Description of the task - Copy nothing but the lines below running from the line containing "Chemise de nuit en coton, bonprix" through the line containing "new 2024 Ford F-150 car, priced at $51,988", both end lines included.

Task data -
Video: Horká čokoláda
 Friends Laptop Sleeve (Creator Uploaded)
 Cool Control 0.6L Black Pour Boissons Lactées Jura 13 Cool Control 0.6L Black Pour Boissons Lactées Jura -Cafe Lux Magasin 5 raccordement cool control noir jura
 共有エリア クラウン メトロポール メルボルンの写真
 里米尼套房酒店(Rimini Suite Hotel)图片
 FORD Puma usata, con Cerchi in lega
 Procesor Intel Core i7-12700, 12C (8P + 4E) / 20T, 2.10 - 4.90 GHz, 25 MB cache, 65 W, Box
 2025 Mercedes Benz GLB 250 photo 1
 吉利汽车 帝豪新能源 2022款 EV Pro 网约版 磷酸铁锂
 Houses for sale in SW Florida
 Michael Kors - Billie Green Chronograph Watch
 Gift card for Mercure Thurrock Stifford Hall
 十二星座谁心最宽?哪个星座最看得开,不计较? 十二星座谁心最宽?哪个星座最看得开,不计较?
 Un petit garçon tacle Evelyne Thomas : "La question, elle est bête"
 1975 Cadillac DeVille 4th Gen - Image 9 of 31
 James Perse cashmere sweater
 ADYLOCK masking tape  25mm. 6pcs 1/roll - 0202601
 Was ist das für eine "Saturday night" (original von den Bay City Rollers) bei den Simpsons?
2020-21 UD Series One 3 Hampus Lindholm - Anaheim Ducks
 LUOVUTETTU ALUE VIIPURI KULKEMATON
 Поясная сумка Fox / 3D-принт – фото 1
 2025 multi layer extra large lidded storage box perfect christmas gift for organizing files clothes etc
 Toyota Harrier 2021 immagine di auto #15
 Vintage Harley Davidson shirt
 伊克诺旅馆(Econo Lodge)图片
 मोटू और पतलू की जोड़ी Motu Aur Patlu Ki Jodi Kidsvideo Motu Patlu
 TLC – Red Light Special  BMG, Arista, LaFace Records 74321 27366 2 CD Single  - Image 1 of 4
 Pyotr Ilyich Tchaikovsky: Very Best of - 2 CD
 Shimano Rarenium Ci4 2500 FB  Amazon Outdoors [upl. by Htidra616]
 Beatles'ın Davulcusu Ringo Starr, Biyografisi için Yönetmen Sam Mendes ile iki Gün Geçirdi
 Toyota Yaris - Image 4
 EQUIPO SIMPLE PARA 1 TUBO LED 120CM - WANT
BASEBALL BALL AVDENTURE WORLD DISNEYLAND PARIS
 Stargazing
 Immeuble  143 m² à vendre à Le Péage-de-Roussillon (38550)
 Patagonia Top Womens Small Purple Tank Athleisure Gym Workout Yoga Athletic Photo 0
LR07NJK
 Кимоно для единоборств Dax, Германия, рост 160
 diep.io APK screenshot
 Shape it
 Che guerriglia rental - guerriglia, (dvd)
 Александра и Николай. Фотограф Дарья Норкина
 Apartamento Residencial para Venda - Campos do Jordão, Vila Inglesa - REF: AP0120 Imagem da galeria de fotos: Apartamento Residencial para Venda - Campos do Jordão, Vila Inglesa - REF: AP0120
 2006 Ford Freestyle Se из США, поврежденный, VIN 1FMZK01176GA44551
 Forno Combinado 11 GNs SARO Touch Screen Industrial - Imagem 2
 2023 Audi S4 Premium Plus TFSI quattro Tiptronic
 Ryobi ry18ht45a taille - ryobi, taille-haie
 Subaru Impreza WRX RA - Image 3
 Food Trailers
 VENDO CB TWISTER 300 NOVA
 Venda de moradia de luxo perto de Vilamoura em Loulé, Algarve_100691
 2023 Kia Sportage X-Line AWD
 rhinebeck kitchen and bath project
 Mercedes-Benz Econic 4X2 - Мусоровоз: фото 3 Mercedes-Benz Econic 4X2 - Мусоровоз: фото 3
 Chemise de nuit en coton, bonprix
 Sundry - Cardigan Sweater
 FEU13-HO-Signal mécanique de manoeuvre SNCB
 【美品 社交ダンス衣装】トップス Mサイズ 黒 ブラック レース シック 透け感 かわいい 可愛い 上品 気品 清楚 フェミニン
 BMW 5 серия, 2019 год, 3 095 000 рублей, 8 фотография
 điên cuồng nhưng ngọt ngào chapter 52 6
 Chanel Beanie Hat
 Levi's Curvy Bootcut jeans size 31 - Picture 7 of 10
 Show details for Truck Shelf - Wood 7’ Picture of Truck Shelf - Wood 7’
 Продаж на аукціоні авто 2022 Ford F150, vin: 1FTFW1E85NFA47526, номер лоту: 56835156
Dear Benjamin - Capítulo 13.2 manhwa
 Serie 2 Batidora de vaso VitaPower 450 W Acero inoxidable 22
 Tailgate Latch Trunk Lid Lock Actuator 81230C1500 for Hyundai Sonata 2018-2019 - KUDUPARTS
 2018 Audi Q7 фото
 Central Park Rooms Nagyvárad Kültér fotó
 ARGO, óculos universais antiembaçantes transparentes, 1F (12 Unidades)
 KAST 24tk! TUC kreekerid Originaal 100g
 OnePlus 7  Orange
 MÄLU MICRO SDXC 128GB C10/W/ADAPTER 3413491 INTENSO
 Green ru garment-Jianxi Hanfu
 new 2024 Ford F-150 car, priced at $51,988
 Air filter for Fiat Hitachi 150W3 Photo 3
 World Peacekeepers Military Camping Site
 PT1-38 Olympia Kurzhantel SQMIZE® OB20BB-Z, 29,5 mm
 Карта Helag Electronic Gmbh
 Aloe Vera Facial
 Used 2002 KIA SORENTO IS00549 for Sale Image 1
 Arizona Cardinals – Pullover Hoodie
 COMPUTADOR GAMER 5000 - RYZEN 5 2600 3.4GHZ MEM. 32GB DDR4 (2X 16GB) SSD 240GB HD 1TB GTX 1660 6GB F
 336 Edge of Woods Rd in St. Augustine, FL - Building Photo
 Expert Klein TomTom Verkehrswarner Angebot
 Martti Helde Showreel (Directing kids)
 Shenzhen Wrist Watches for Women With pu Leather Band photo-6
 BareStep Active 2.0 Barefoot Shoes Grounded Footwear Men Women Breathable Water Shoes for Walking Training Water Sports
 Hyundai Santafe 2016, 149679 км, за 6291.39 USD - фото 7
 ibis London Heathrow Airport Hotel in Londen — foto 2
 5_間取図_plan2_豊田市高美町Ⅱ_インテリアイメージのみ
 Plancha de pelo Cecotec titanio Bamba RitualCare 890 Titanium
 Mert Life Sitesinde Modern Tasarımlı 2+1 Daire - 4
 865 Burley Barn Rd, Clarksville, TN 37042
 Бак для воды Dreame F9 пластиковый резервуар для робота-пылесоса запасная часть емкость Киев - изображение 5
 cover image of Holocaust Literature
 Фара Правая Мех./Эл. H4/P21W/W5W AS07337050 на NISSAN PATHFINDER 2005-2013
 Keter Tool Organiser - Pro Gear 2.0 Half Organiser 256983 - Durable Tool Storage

Expected answer -
 Chemise de nuit en coton, bonprix
 Sundry - Cardigan Sweater
 FEU13-HO-Signal mécanique de manoeuvre SNCB
 【美品 社交ダンス衣装】トップス Mサイズ 黒 ブラック レース シック 透け感 かわいい 可愛い 上品 気品 清楚 フェミニン
 BMW 5 серия, 2019 год, 3 095 000 рублей, 8 фотография
 điên cuồng nhưng ngọt ngào chapter 52 6
 Chanel Beanie Hat
 Levi's Curvy Bootcut jeans size 31 - Picture 7 of 10
 Show details for Truck Shelf - Wood 7’ Picture of Truck Shelf - Wood 7’
 Продаж на аукціоні авто 2022 Ford F150, vin: 1FTFW1E85NFA47526, номер лоту: 56835156
Dear Benjamin - Capítulo 13.2 manhwa
 Serie 2 Batidora de vaso VitaPower 450 W Acero inoxidable 22
 Tailgate Latch Trunk Lid Lock Actuator 81230C1500 for Hyundai Sonata 2018-2019 - KUDUPARTS
 2018 Audi Q7 фото
 Central Park Rooms Nagyvárad Kültér fotó
 ARGO, óculos universais antiembaçantes transparentes, 1F (12 Unidades)
 KAST 24tk! TUC kreekerid Originaal 100g
 OnePlus 7  Orange
 MÄLU MICRO SDXC 128GB C10/W/ADAPTER 3413491 INTENSO
 Green ru garment-Jianxi Hanfu
 new 2024 Ford F-150 car, priced at $51,988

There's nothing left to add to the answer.